Kepada CNN, Bruder mengatakan: “Saya sangat beruntung. Anak-anak yang saya temui di Timur Tengah memiliki kecerdasan dan semangat sama seperti saya, tapi mereka tidak punya peluang. Kita bisa melakukan perubahan radikal pada kehidupan mereka. Begitu mereka punya pekerjaan, merasa menjadi bagian dari masyarakat. Mereka juga bisa menopang delapan atau sembilan orang, termasuk saudara-saudara kandung.”
Langkah extraordinary ini sekarang sudah berkembang. Puluhan ribu alumni EFE sudah bekerja di pelbagai sektor. Para pemimpin dan pengelola EFE adalah anak muda setempat, didukung oleh lembaga nonprofit bidang pengembangan kapasitas di AS dan Spanyol.

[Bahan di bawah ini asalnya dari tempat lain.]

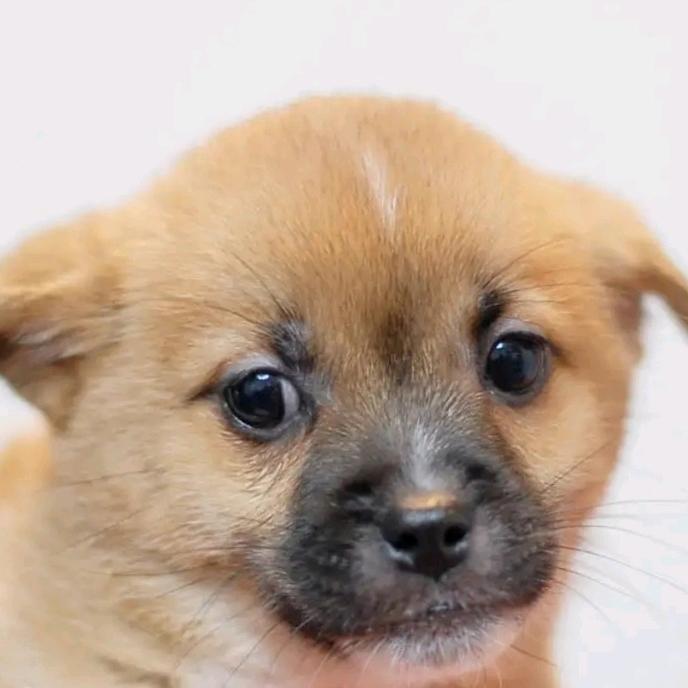 狼狗🐺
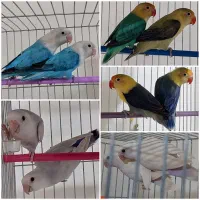 طوطی برزیلی(کوتوله برزیلی)
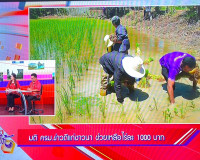 รองผู้ว่าราชการจังหวัดสุราษฎร์ธานี ให้สัมภาษณ์&quot;รายการแหลงข่า ... พารามิเตอร์รูปภาพ 6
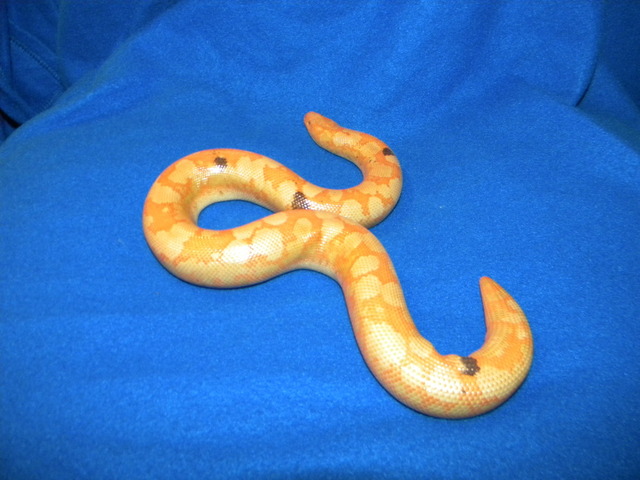 Female Paradox Albino Sand Boa 2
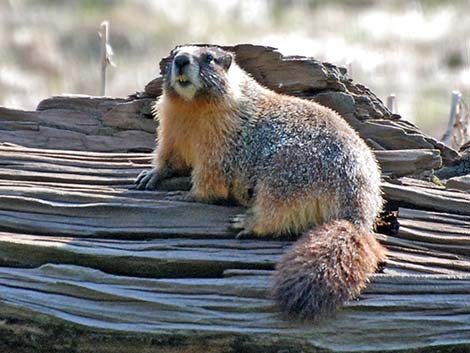 Yellow-bellied Marmot (Marmota flaviventris)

Demi memperkuat jaringan, Bruder juga bekerja sama dengan perusahaan-perusahaan lokal untuk membantu pembiayaan dan bersedia menampung tenaga kerja hasil pelatihan EFE. Sekarang EFE ada di Jalur Gaza, Palestina, di Maroko, di Yordania, di Yaman, Mesir, dan Tunisia.
Bruder membuktikan, dunia bisa menjadi lebih baik untuk kita tempati karena hasil kerja sama dan hubungan antar manusia yang merdeka dari belenggu ras, suku bangsa, agama, batasan geografi, dan aliran politik.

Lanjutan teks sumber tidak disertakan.